And so to Dalhousie - about a week later than I had planned but surely once you get there thats all that really counts. A quite enthusiastic reception committee welcomed me off the bus - it probably ranks just behind the reception I received in Jaisalmer for sheer frenzied shuffling of feet. About 8 lads with brochures open showing off their rooms at rock bottom prices. It does come as a bit of a shock especially after a fairly substantial bus journey but once you regain your composure it really has to be looked at as a very positiive situation. You have virtually the choice of the accomodation and have a very strong bargaining position. I had a look at what was on offer and went with Hotel Monal. The walk there was tough though, through a pine forest uphill most of the way. While I am not in the worst of shape the backpack on my back certainly made the going harder than normal. Dalhousie being a hill station set up for the british administrators in nearby lahore is a very quiet town perched ontop of 4 hills each over 2000 metres. Altitude!!! Lungs were in bits by the time we rolled up to the hotel…

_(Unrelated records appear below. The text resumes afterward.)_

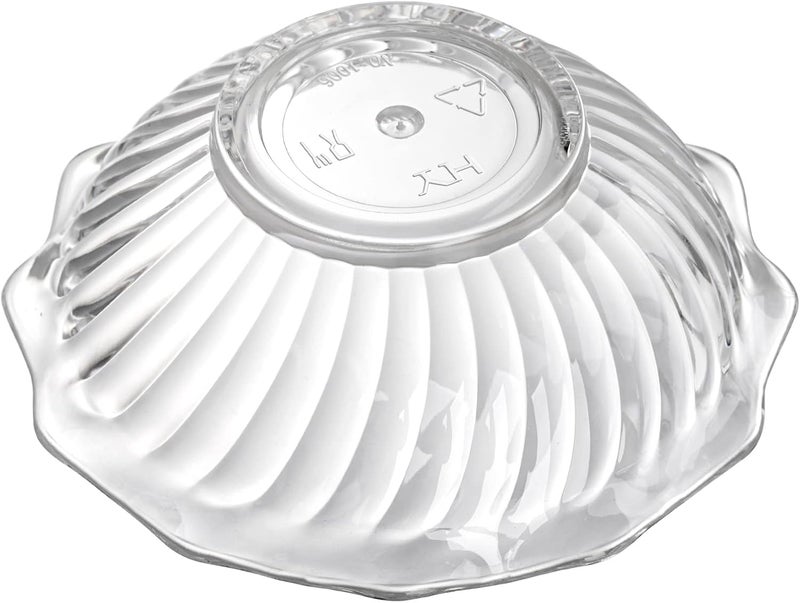 Elsjoy Set of 12 Plastic Dessert Bowls 7 Oz Clear Small Plastic Bowls Mini Snack Bowl 47 Inch Stackable Serving Bowls for Ice Cream Candy Nut Fruits Flower Shape - Image 4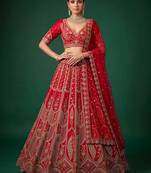 red silk blend embroidered bridal lehenga choli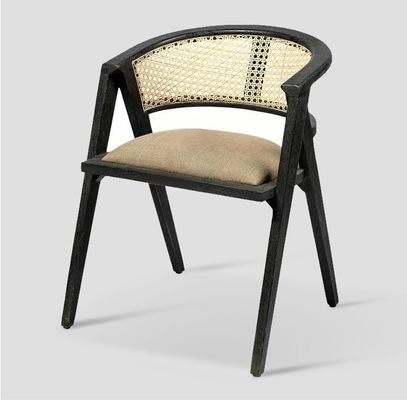 Wohnzimmermöbel japanischer Stil Massivholz Rattan Stoff Einzel Esszessel mit modernem Design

The price quoted for the room was 400 rupees. The room was worth 10 times that amount, god bless the off season. The balcony alone had the most wonderful view. Perfect for reading a book while warming ones hands with the odd pot of chai. Tired after the journey and the trek up there I ordered some room service and had an early night.

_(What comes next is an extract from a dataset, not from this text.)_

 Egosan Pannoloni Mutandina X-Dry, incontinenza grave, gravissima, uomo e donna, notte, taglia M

The next day I got up at a reasonable hour and went out to explore. Dalhousie is really nice, really quiet and serene. Two words you would never associate with india. After a lunch with some local folk I explored the region, for 6 hours I walked around the place. On one side of the town you can see the vast expanse of the himalayas while on the other you can see the foothills level off till they eventually hit pakistan and kashmir. As hillstations go you really have to hand it to the brittish planners for picking this place. At one point along the way I was beckoned over to a family having a picnic on their weekend break. They were from the state of punjab and pretty well off it seemed. One of the spent alot of his time globetrotting managing a few restaurants they have set up here there and everywhere. They have one in san francisco, I told them my old man was from there. They liked that fact so paddy joe be sure to drop the name the next time your back in your old stomping ground - might be worth a free naan with your tikka masalla!! They were very nice people, very welcoming and even let me tuck into some of the food which they had ordered.

I did have plans to visit the local wildlife park the following day but a weather front came in from somewhere and covered the place in one massive blanket of cloud. It was impossible to see more than 50 yards. Bit of a bummer, spent the day planning out the rest of my trip. I have a little over two months left in india and I have to decide whether I can dedicate some time to nepal in that time. In order to fit that in I will need to speed things up a little bit. I will give the mountains of Himachel Pradesh another 2 weeks or so then it really is time to move up the gears, grab that ellusive passport and get a little further east. My next destination is Mandi at the mouth of the Kullu valley. 12 hours on a public bus, 6 o’clock start. Can’t wait!!!